Gregory Fairchild Dan Addison

In tough economic times, starting a business may seem like a risky venture, especially in a low-income neighborhood. Darden professor Gregory Fairchild (GSBA ‘92) sheds light on the value of businesses in these communities and how entrepreneurs can secure financing. “I am very interested in how business changes and affects people’s lives,” says Fairchild.

The inspiration for Fairchild’s research has come from finding commonalities in unexpected—and far-flung—places. As a Darden student in 1991, Fairchild traveled to the then Soviet Union to observe Pizza Hut enter a new market. “Managers were faced with the challenges of a market where so many of the expected inputs weren’t a given: customer tastes, supply chains … even the use of currency—hard and soft—had to be adjusted,” says Fairchild.

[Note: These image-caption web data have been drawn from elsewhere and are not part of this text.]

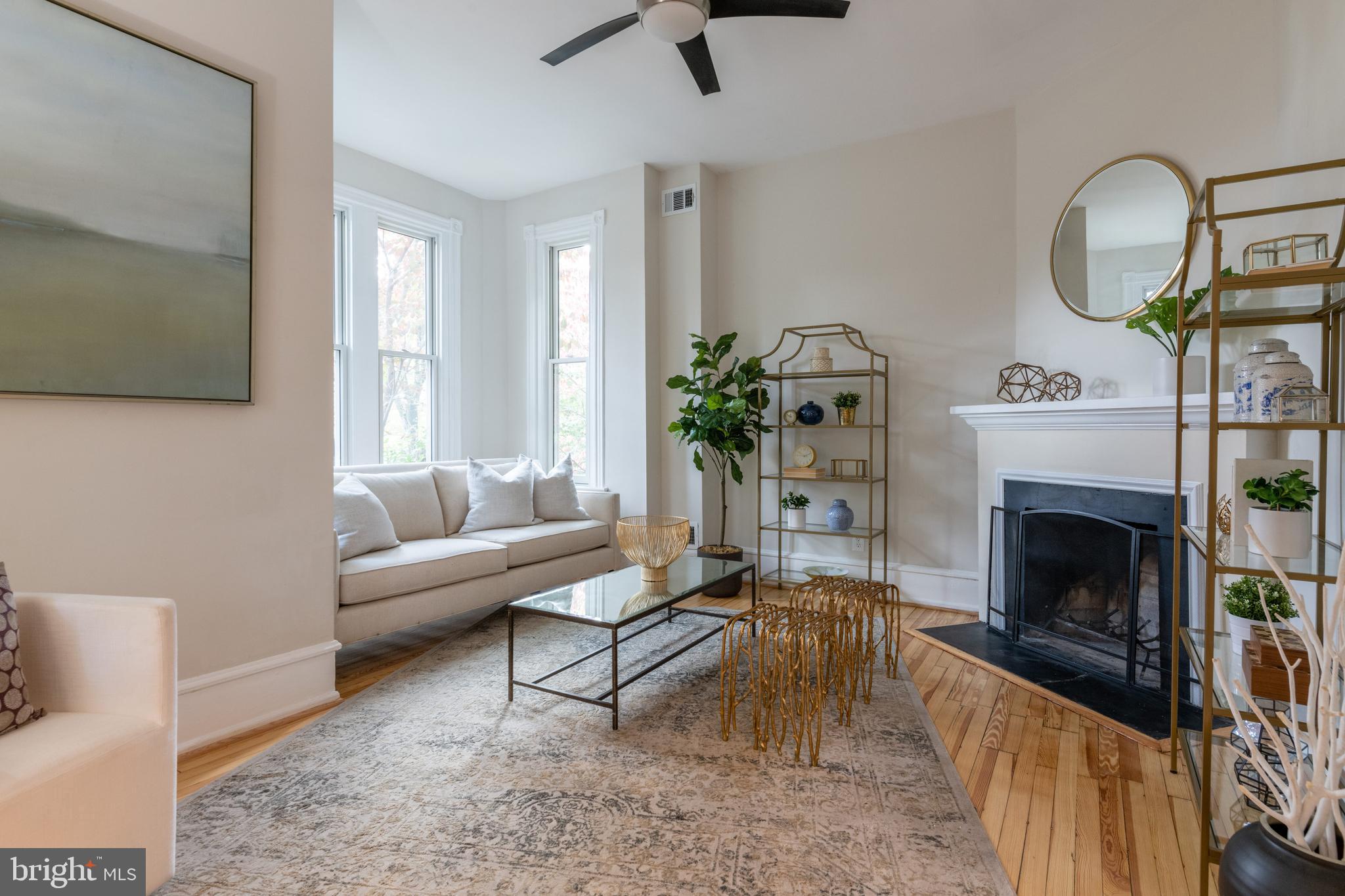 413 2nd Street Southeast Washington, DC 20003 - Photo 4 of 47 Spacious living room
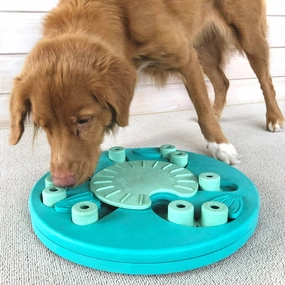 Nina Ottosson - Dog Worker Composite Green dog bowl,slow feeder,pet food dish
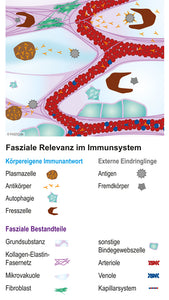 Fasziengrafik: Fasziale Relevanz im Immunsystem - Download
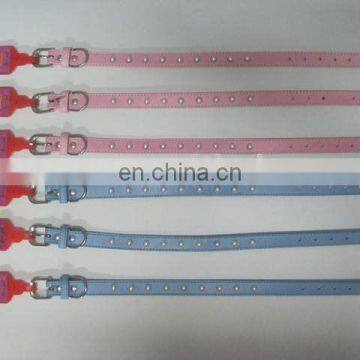 Pet Collar & Leash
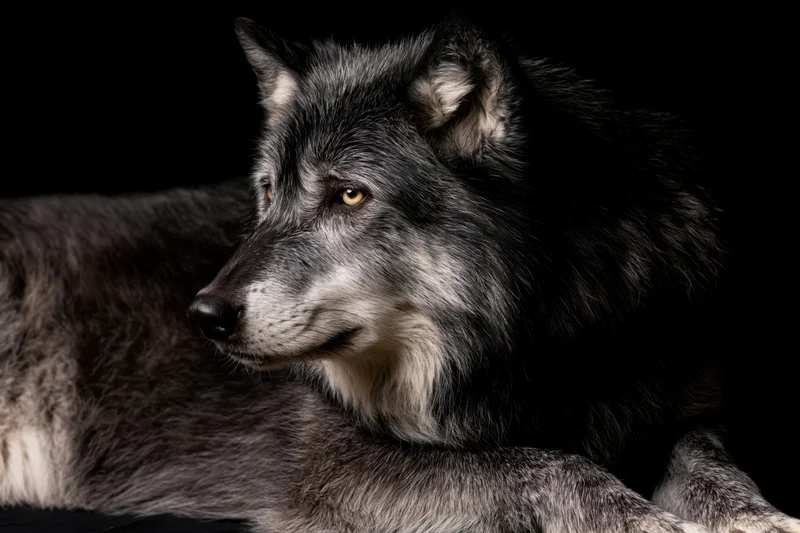 Grey wolf lying at rest with head turned slightly left in studio portrait against dark background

Years later, when he was doing research for his doctorate, he interviewed 100 business owners in Harlem’s historic African-American business district, where a large chain store had recently opened its doors. The local businesses that survived were ones better adapted to the neighborhood’s changing demographics.

“They were both communities in transition,” says Fairchild. “[In both places] a lot of the social problems were created by lack of jobs and wealth. You could solve those problems through training, through the redistribution of income, or by starting new businesses in these areas. I was very interested in the last approach.”

Research that explores the links between the welfare of a community and the success of small businesses is rare in a field that tends to emphasize big business.

“Much of the research done in business schools focuses on topics like initial public offerings and CEO behavior in large organizations,” Fairchild said. “I’m interested in the interactions between businesses and communities—how the business sector influences the lives of poor and middle-income people, and how the social and cultural dynamics of ‘main street’ communities affect the businesses in their midst.”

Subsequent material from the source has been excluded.